Thomas D'Urfey was one of the most prolific and popular poets and musicians of his age, famous for his comic skills. He entertained five monarchs and wrote over 32 plays and 500 songs. He published the several- volume work, Wit and Mirth: or, Pills to Purge Melancholy, which included his songs and others as well as older airs and ballads.
D'Urfey (he did not use the apostrophe in his name until 1683) was born in Devonshire around 1653. Although he claimed a family association with Honore d'Urfe, the author of L'Astree, this claim has been questioned. It has also been claimed that D'Urfey's father or grandfather was a Huguenot who fled from La Rochelle in 1628, but there is no evidence for this.

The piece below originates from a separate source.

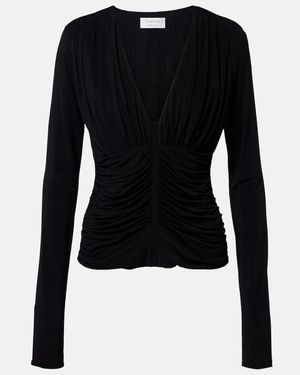 Sportmax Ruched Crepe Top - Blue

Although some sources state that D'Urfey was trained in Law, documents of the time suggest that D'Urfey began work as a scrivener's apprentice. He turned almost immediately from that occupation to entertainment. His first play, The Siege of Memphis was staged in September 1676 and was a failure. However, in November 1676 he turned his efforts to comedy. Madam Fickle was produced at the Dorset Garden Theatre. Charles II and the Duke of Ormonde attended and Ormonde presented D'Urfey to the king. Despite a distinct stutter "except when singing or swearing" and a decidedly unhandsome appearance, Thomas D'Urfey became an intimate of Charles.(1) His voice and his talent for composing the sort of witty songs Charles enjoyed, along with his "good natured willingness to be the butt of a jest as much as the author of one" (2) made him nearly a court jester as well as singer and songwriter for Charles. Except for a brief period in 1689 when he was a singing teacher at a girls school he served each succeeding monarch and many wealthy patrons.
D'Urfey's songs were of three types: political songs, court songs and country songs. His political songs invariably celebrated the monarch - from Stuart to Hanover. He wrote numerous political satires. His country songs were coarse and popular, dealing with common folk and their relationships. His words were set to music by Henry Pucell, Dr. John Blow, John Eccles and others - nearly forty composers in all. His songs were often labelled as vulgar - not without reason. One of his popular songs was The Fart; Famous for its Satyrical Humour in the Reign of Queen Anne. His musical reputation was one of carelessness, and his music did not enjoy a great reputation. D'Urfey did not deny it but stated that "irregularities disappear when his songs are sung." (3) D'Urfey was also well aware that his music was looked down upon. "The Town may da-da-damn me for a poet," he said, "but they si-si-sing my Songs for all that." (4)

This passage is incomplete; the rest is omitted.